● **Required action**
Transcribe exactly the lines below that begin at the line with "Coche Lujo Azul" and stop after the line with "Cle de Peau REFINING PRESSED POWDER", leaving out every picture.

● **Data provided**

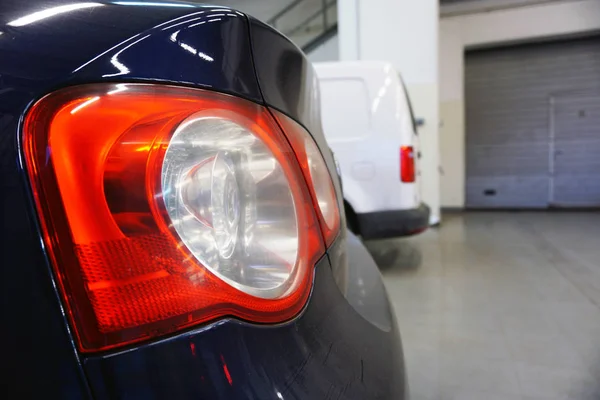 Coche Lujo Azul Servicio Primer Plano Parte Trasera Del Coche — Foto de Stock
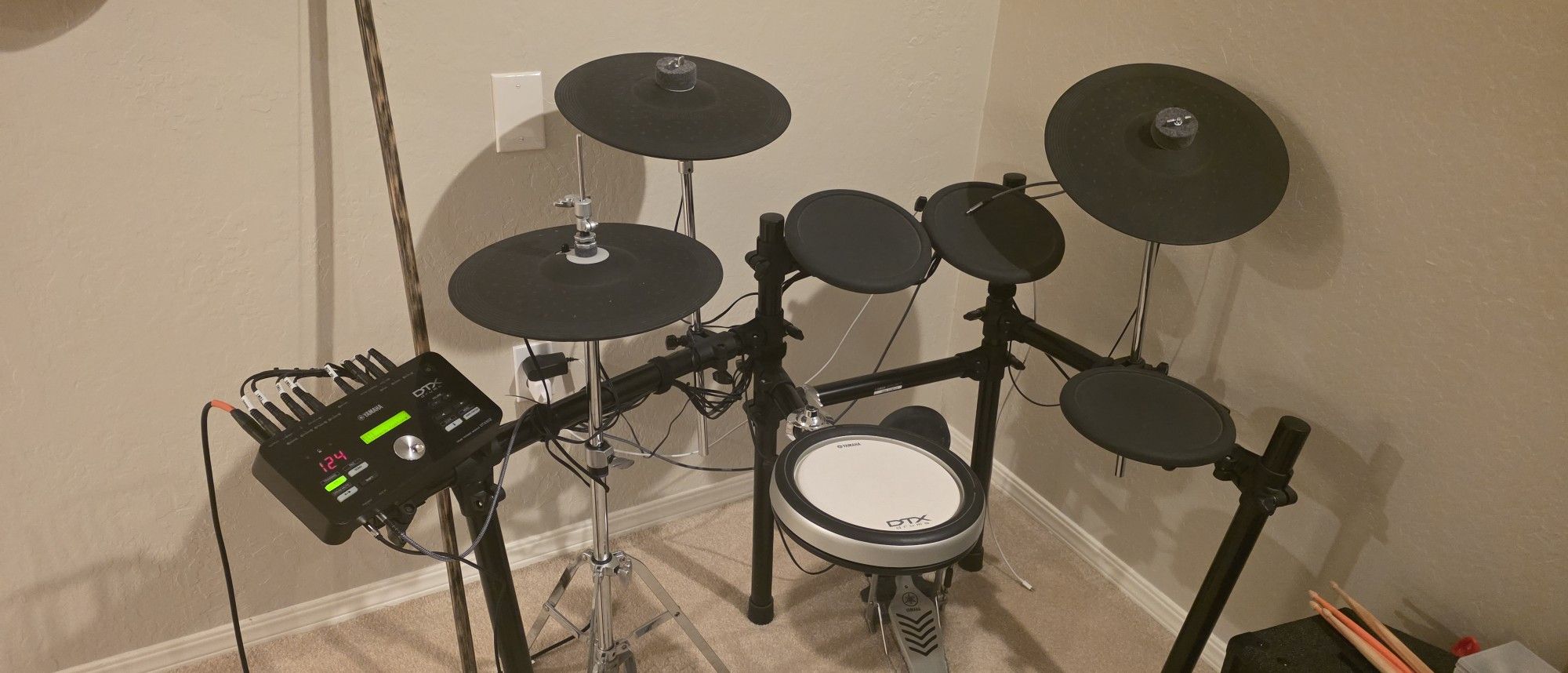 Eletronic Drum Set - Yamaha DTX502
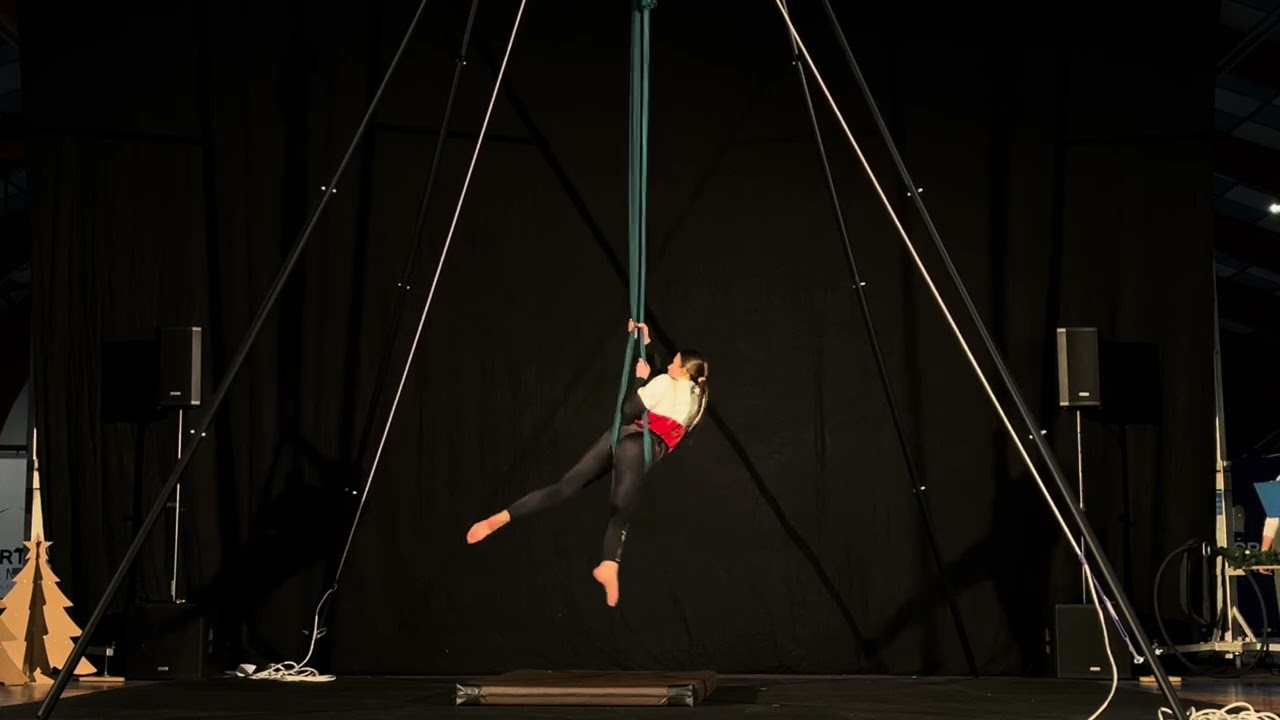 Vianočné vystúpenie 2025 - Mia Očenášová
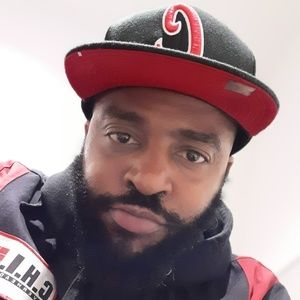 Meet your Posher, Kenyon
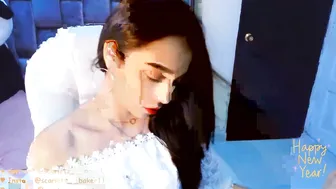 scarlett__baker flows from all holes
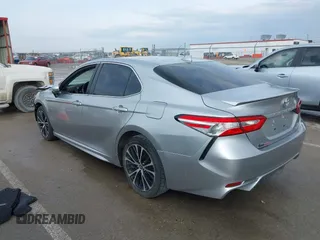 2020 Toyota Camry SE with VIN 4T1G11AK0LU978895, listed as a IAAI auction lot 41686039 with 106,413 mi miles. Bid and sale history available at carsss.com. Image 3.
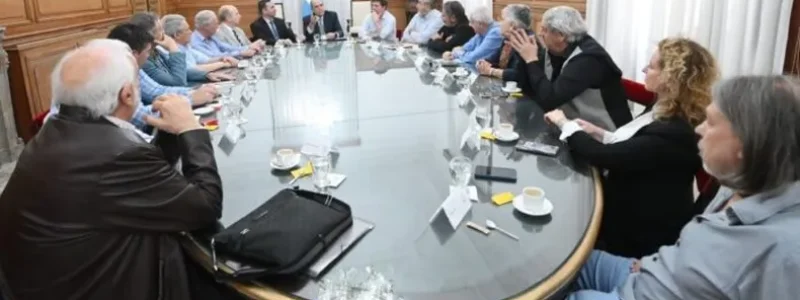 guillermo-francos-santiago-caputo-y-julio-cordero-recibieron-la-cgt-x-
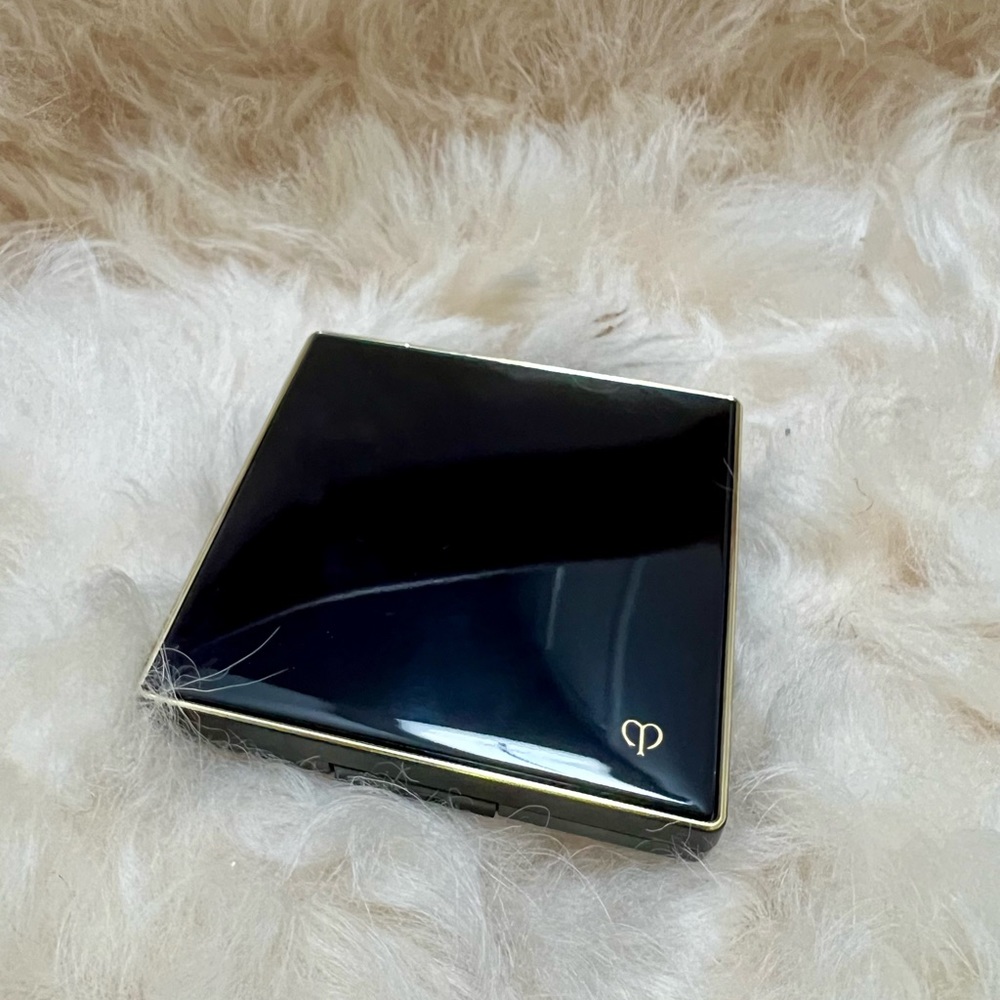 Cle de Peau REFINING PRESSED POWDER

* * *

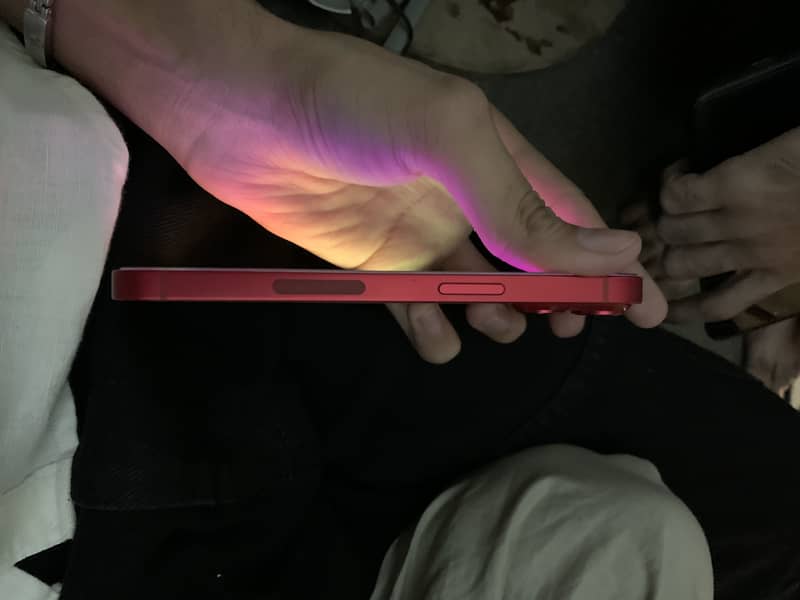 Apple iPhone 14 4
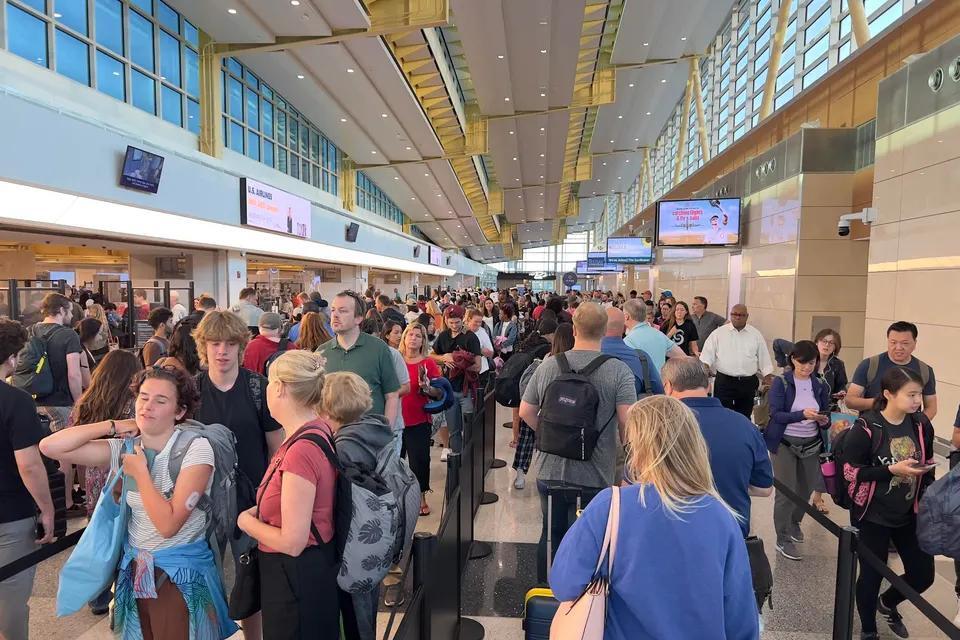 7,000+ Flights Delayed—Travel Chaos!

...

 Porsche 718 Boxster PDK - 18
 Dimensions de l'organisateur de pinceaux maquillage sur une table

● **Task result**
 Coche Lujo Azul Servicio Primer Plano Parte Trasera Del Coche — Foto de Stock
 Eletronic Drum Set - Yamaha DTX502
 Vianočné vystúpenie 2025 - Mia Očenášová
 Meet your Posher, Kenyon
 scarlett__baker flows from all holes
 2020 Toyota Camry SE with VIN 4T1G11AK0LU978895, listed as a IAAI auction lot 41686039 with 106,413 mi miles. Bid and sale history available at carsss.com. Image 3.
 guillermo-francos-santiago-caputo-y-julio-cordero-recibieron-la-cgt-x-
 Cle de Peau REFINING PRESSED POWDER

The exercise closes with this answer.